# 300 Arctic Cat 4x4 Quad for sale



## SoggyPaws (Jun 10, 2009)

Thinning out the herd.

I have to check but this is a 2000 or 2001 Cat. 300cc 4x4. 

1500 miles
Independent suspension all the way around. 
Semi-auto trans....you have to shift but there is no clutch. 
Front mounted Winch
Front and rear racks
All lights work
Runs perfect, everything works, 2x4, 4x4, low range, reverse....etc.
Good tires
All plastic good, no busted stuff.
Small rip in seat that has been repaired.

It is a full size quad. Not a kid quad but it's small enough to muscle around on the trail or flip it back on it's wheels if it goes over. I am 6'4" and it fits me comfortably.

It's a 4 stroke.

Shifter is a heal/toe shifter on the left side.

Right side is the brake for the rear tires.

Handlebar has the brakes for the front and it has a locking device that functions as a park brake.

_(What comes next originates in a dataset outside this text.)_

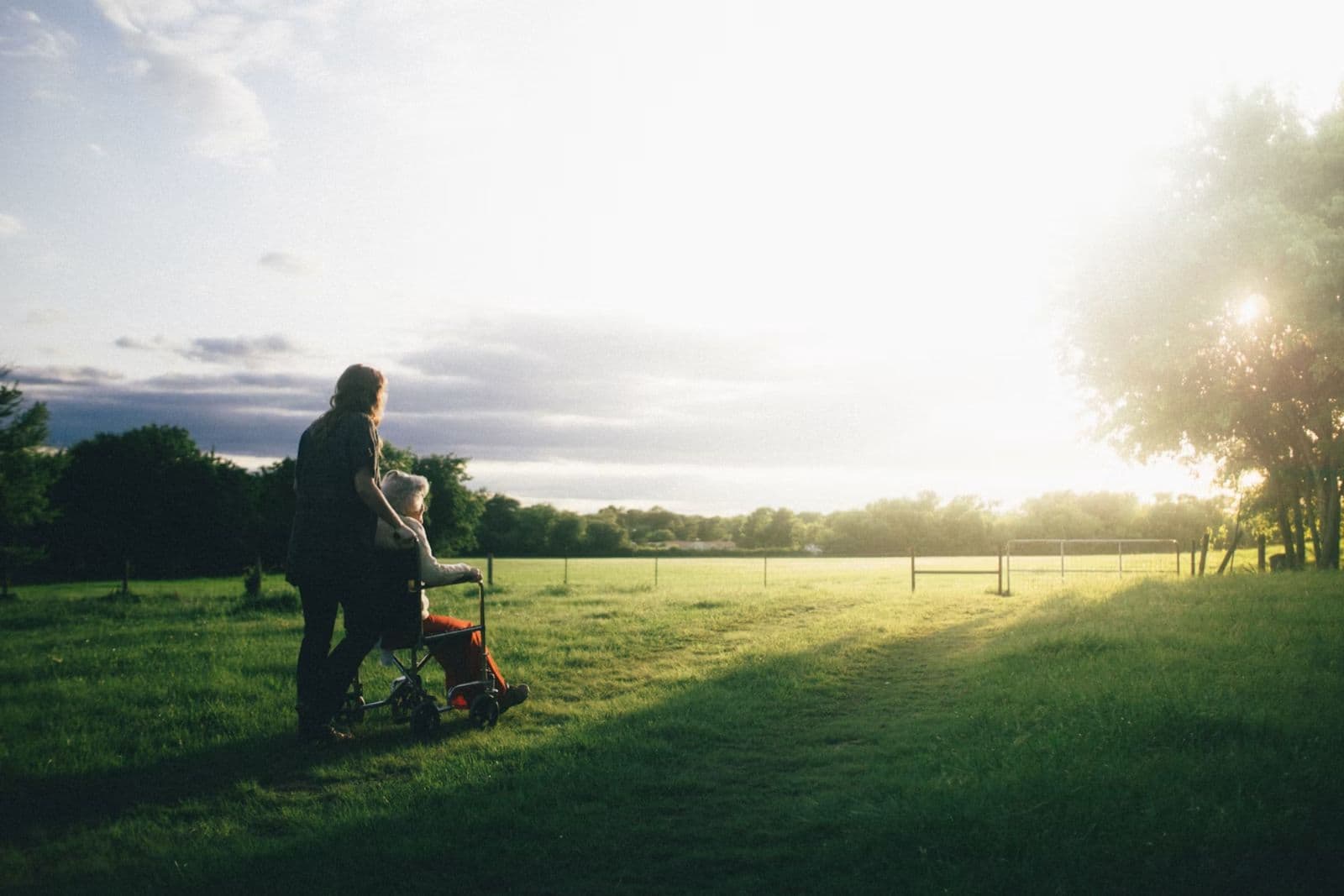 A caregiver walking outdoors with an older adult using a mobility aid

This is a shaft drive unit. No chains to worry about.

$1400

Willing to travel about a hour to help with transpo.


----------



## SoggyPaws (Jun 10, 2009)

Located in Sault Sainte Marie.


----------



## mike the pike (Mar 11, 2008)

Thats a good price, too bad you arent closer ----that would be a good rig for ice fishing


----------



## FishinJoe (Dec 8, 2003)

Man I wish you were a little bit closer, already have the exact machine and would love a second one. Someone will be extremely happy with this one.


----------



## SoggyPaws (Jun 10, 2009)

mike the pike said:


> Thats a good price, too bad you arent closer ----that would be a good rig for ice fishing


That's one reason that makes me half want to keep it but I really need to weed some stuff out. Might pick up a sled though.


----------



## SoggyPaws (Jun 10, 2009)

Sold


----------